Roger’s Rules

Another disgraceful episode in the groves of academe

Remember President Ahmadinejad’s preposterous visit to Columbia University last September? (I wrote about that little escapade here.) Well, it has just been reported by an Iranian news agency that–the headline says it all–“Columbia professors plan to visit Iran to apologize to Ahmadinejad.” Yes, that’s right folks, some of those tenured radicals we pay to educate the next generation of citizens at one of our premier universities will be embarking for Tehran to apologize “officially” to the beaming dictator (see “Ahmadinejad’s Grin.”)

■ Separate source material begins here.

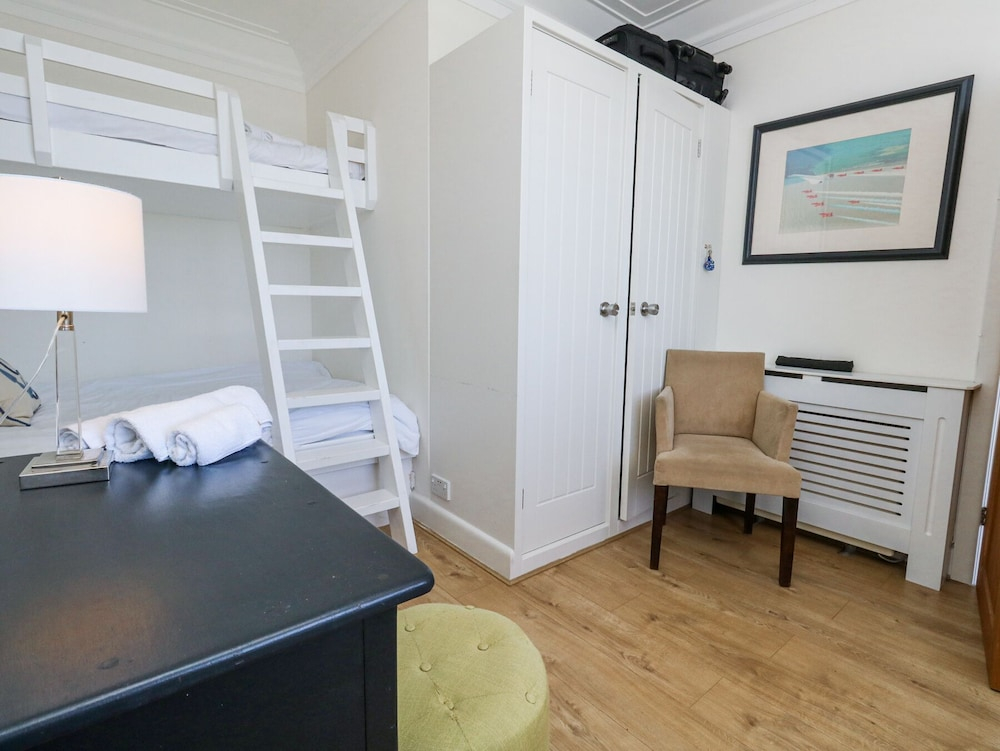 Flat 7 Sand Acres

An academic delegation of Columbia University professors and deans of faculties plans to visit Tehran to officially apologize to Iranian President Mahmud Ahmadinejad.

The delegation plans to express regret for the insulting remarks Columbia University President Lee Bollinger directed at Ahmadinejad on September 24 in his introductory speech, the Mehr News Agency correspondent in New York reported.

Since the incident, the deans and professors from the faculties of history, anthropology, Middle Eastern studies, philosophy, and Islamic studies have criticized Bollinger’s behavior toward Ahmadinejad.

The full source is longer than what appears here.